Exactly as they appear, write the lines from the one containing "Square Chain Anklet" to the final line of the entries, leaving pictures out.

++++++++

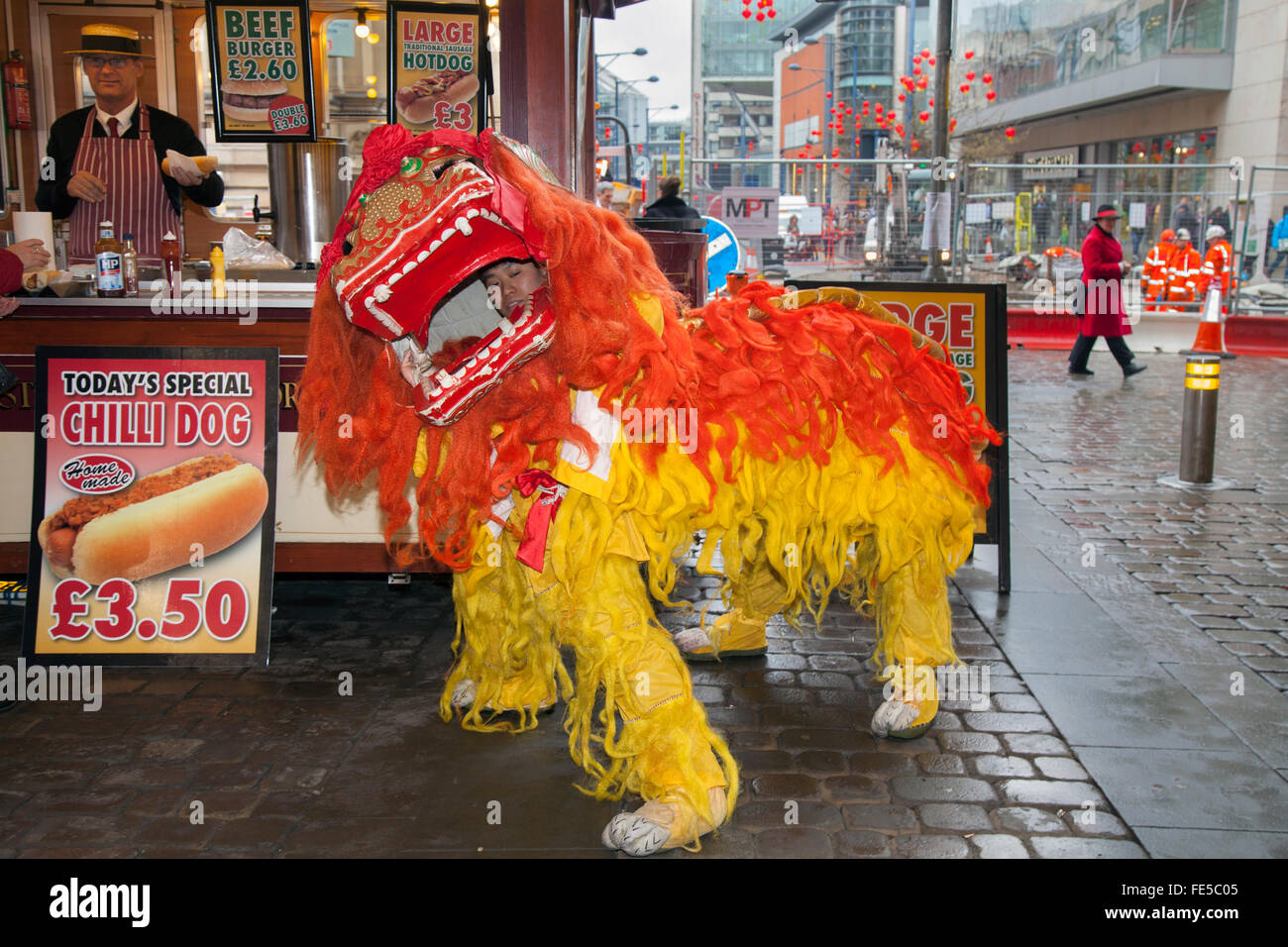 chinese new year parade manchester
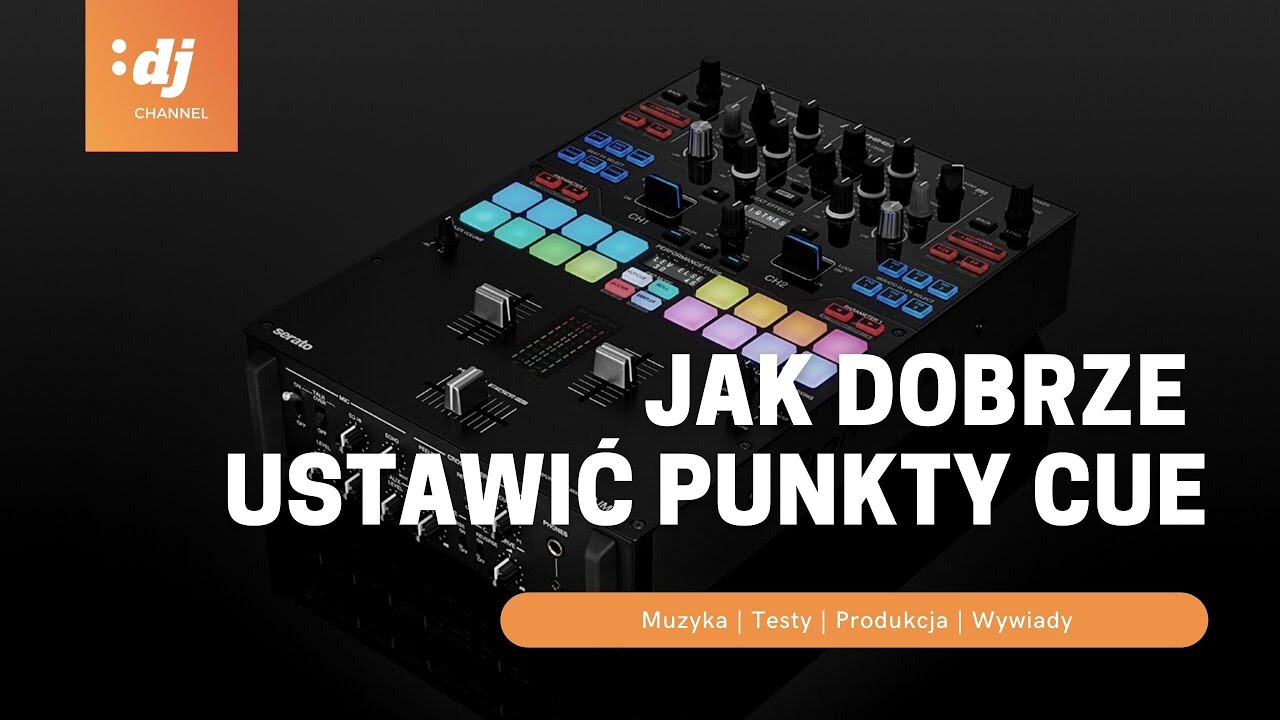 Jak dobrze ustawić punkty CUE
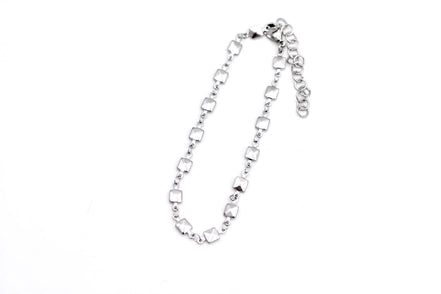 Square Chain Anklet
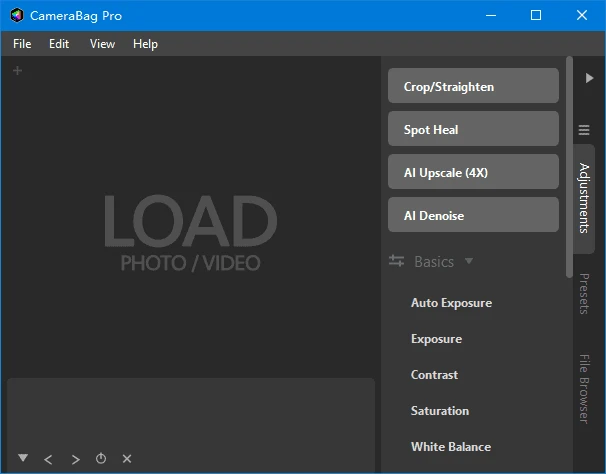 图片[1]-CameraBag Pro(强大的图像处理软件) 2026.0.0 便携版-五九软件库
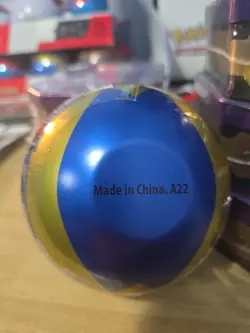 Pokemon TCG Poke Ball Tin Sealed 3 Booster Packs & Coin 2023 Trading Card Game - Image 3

++++++++

Solution for this problem:
 Square Chain Anklet
 图片[1]-CameraBag Pro(强大的图像处理软件) 2026.0.0 便携版-五九软件库
 Pokemon TCG Poke Ball Tin Sealed 3 Booster Packs & Coin 2023 Trading Card Game - Image 3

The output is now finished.